The European Court of Human Rights had condemned Belgium in 2011 for violating the European Convention on Human Rights. At the time, Greece had a refugee reception system that did not guarantee humane living conditions for asylum seekers who were sent back there.
That was the first time the court condemned an expulsion done under the Dublin Regulation II, which requires asylum-seekers’ cases to be processed in a member State through which the applicant had entered the European Union.
In late 2016, the European Commission again proposed that asylum-seekers be sent back to Greece if they travelled from that country to another EU member State after the 15th of March 2017. The Commission felt conditions in Greece had improved.

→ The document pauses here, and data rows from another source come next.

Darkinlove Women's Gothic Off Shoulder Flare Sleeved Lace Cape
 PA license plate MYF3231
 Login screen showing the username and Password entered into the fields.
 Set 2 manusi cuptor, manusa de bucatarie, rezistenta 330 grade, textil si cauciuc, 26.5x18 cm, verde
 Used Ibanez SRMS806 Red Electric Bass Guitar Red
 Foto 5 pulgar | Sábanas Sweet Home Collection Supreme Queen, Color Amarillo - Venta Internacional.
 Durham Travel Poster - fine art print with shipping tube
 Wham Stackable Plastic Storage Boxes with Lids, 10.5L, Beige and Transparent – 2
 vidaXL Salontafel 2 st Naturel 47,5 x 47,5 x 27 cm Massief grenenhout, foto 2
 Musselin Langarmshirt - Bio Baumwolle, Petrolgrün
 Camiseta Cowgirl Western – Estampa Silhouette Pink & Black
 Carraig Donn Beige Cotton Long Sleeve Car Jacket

To send someone back to his or her first country of entry into the EU, an EU member State must obtain individual guarantees that the person will be well treated. An exception is made for vulnerable persons and minors.
Belgium’s Secretary of State for Migration, Theo Francken, wishes to send asylum seekers away as early as possible. Last week, a first case was submitted to the Foreigners’ Claims Court, to which appeals can be made against decisions of the General Commissioner for Refugees and Stateless persons, of the Office of the Commissioner for Refugees or of the Immigration Office.
A Palestinian asylum seeker who arrived in Belgium from Greece and filed an asylum application in Belgium in October had appealed against a decision to send him back to Greece. His appeal was rejected on Friday.